Sodium-potassium-dependent ATPase. I. Cytochemical localization in normal and cataractous rat lenses

Abstract

Biochemical studies have demonstrated the presence of ouabain-sensitive Na-K-ATPase in lens epithelium. The development of certain experimental cataracts has been associated with the decrease in the level of activity of this enzyme. Cytochemical investigations at the ultrastructural level to localize this important enzyme in the ocular lens are needed to exhibit the site of Na-K-ATPase action. In this investigation cytochemical methods originally described by Ernst for the localization of Na-k-atpase through K-NPPase reaction have been used for normal and cataractous ocular lens. The reaction product was observed to be present on the lateral and apical portion of the epithelial cell membranes. Mooreover, the membranes of the cortical fibers in the anterior polar and equatorial region of the lens also exhibited reaction product of Na-k-atpase.
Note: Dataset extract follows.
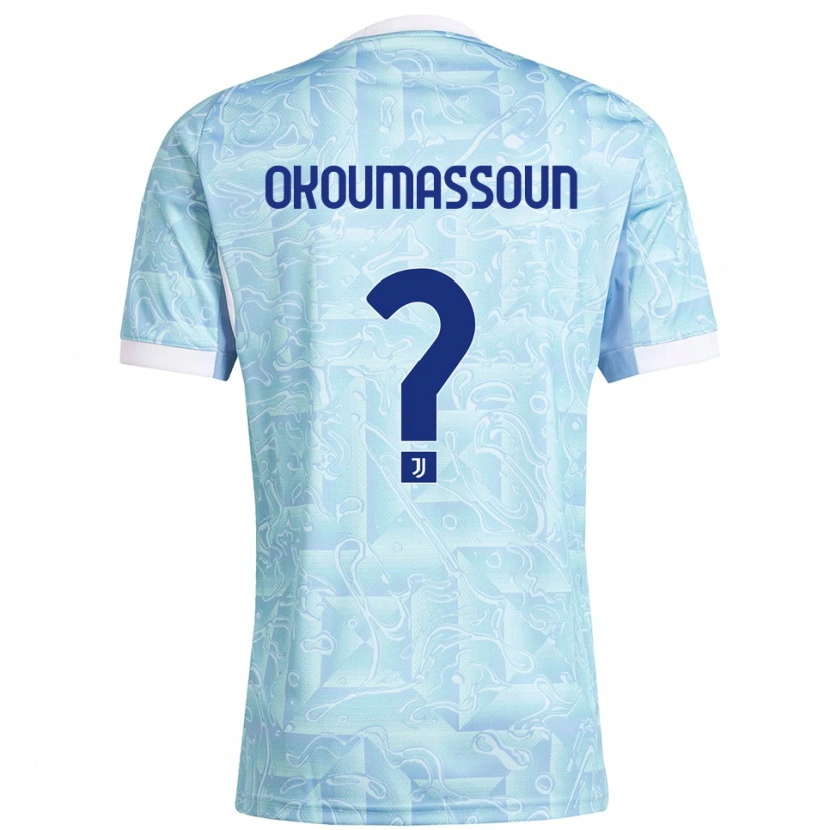 Danxen Kinder Ismaele Okoumassoun #0 Himmelblau Gelb Auswärtstrikot Trikot 2025/26 T-Shirt Schweiz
The presence of ouabain reduced the reaction product of Na-K-ATPase; however, continuous exposure to ouabain during preincubation fixation, and incubation demonstrated greater reduction in enzyme action in the lens. The Na-K-ATPase activity in the lenses of animals fed galactose decreased with increase in time on galactose diet. In this study, using ultrastructural cytochemistry, we have demonstrated gradual decrease in Na-K-ATPase activity in the lenses of galactose-fed animals.